Bhatia knows Victoria from two previous visits. The first was to Oak Bay High School in 2020 where his celebrity preceded him and he addressed a packed gym.

“I came to this country with nothing 30 years ago. Everything I have is because of Canada,” he said that day.

Bhatia passed his Raptors 2019 NBA championship ring around freely as the Oak Bay students gleefully took turns wearing and holding it up. Bhatia says it’s Canada’s ring for all the fans: “Everybody in Canada is a champion because of the Raptors.”

Bhatia returned to Victoria over the summer as a special ambassador of Canada Basketball for the qualifying tournament for the Tokyo Olympics. At the height of pandemic restrictions, Bhatia was eerily among the only fans allowed into Save-on-Foods Memorial Centre for the Olympic qualifier, which otherwise would have been sold out.

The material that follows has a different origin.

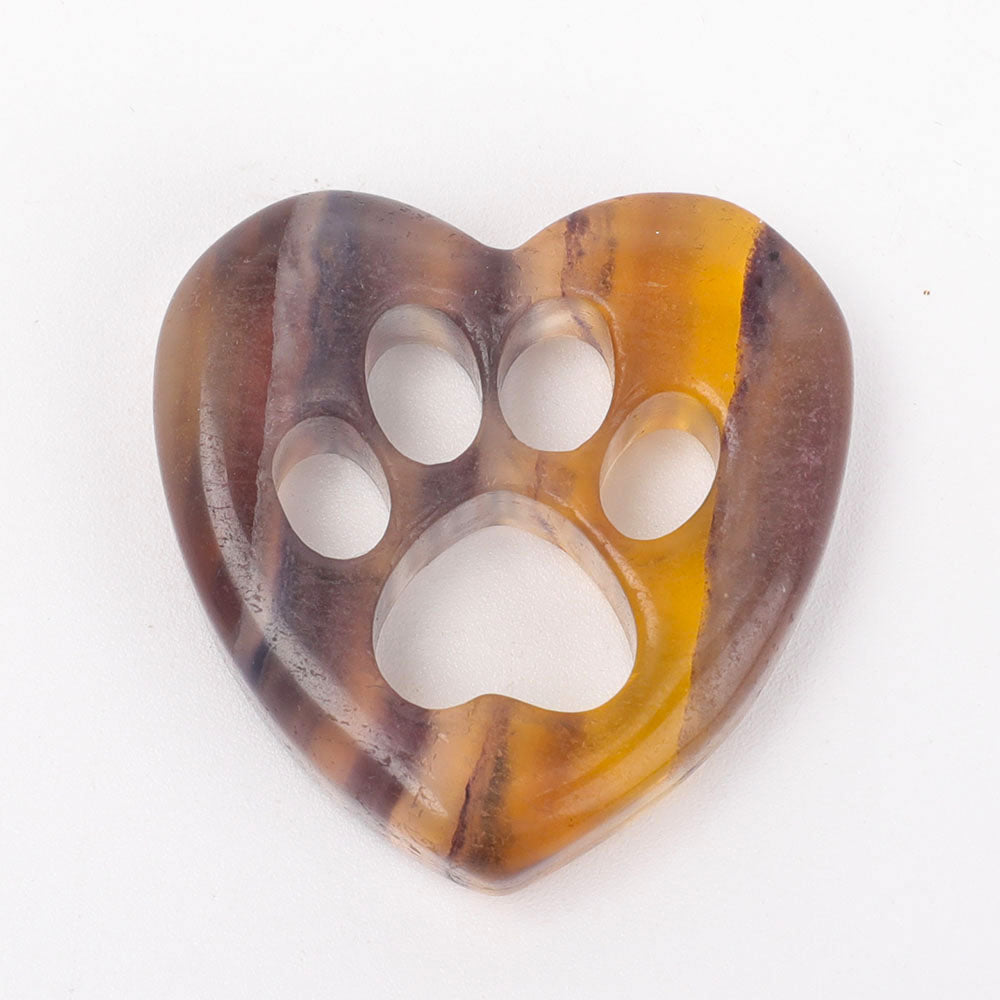 1.45 Inch Fluorite Heart Shape Crystal Carving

With indoor sporting restrictions now lifted, there is no limit on capacity Sunday at the Royal Theatre for the screening of his namesake documentary. Just four months ago, the Tokyo Olympics were conducted in front of no fans. Now sports and entertainment events are the canaries in the coalmine of the re-opening of society as the pandemic winds its way to the endemic stage.

“I love Victoria and it’s amazing to be here supporting my country. We have a great national team,” said Bhatia last summer, of his privileged position of being one of the few people allowed into the Memorial Centre to watch the Olympic qualifier live.

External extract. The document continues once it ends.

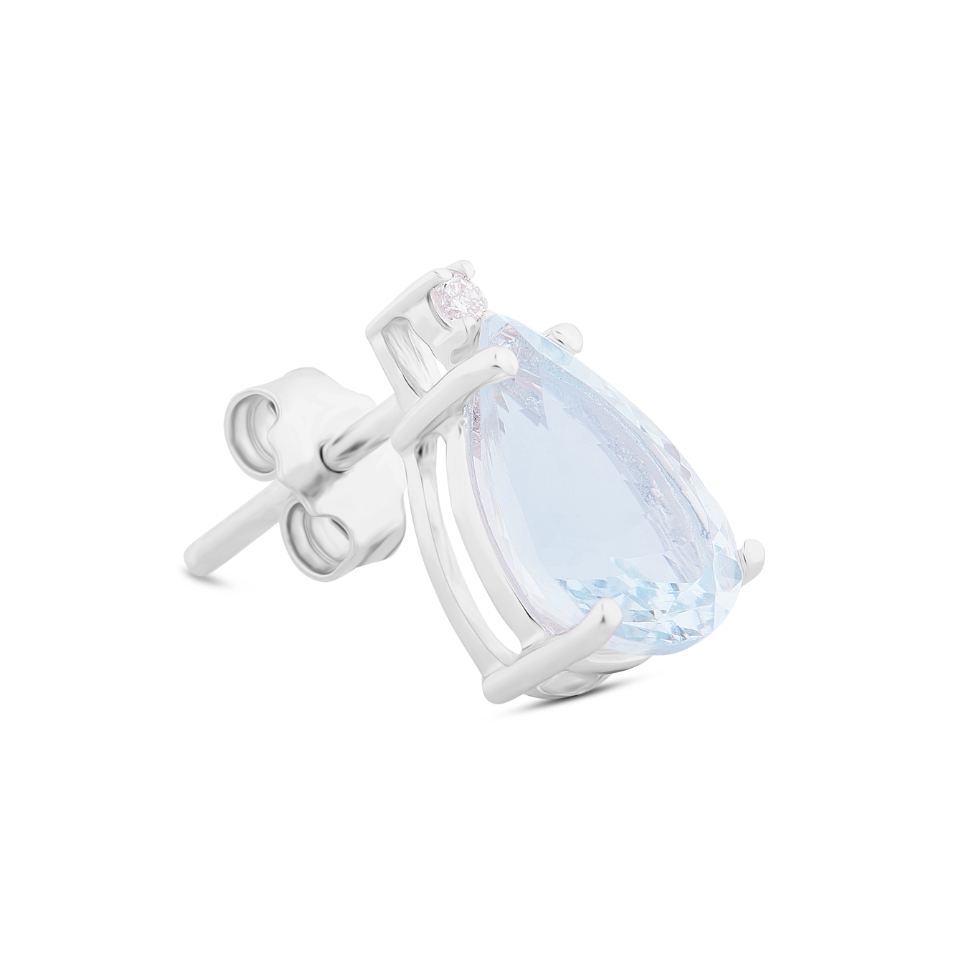 Orecchini Acqua Marina Taglio Goccia 3,12ct e Diamanti 0,04ct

But unlike what the Canadian soccer team is currently doing in its breathtaking run through 2022 World Cup qualifying, Canada’s NBA-loaded basketball team stunningly fell short on Blanshard Street and failed to qualify for the Tokyo Olympics.

But true fans are never deterred. Paris 2024 is there for the taking.

“That is my great wish — a basketball medal for my country,” Bhatia has said.

That has not happened in basketball at the Olympics since Victoria players Doug Peden and Art and Chuck Chapman led Canada to the silver medal at Berlin in 1936. If it does happen again, you can be assured Bhatia will be there sitting courtside and cheering on the national side.

The country that welcomed him — even if there was discrimination and pressure to fit in because of his turban and beard — is a country he is proud to call home. One basket, one red carpet, at a time.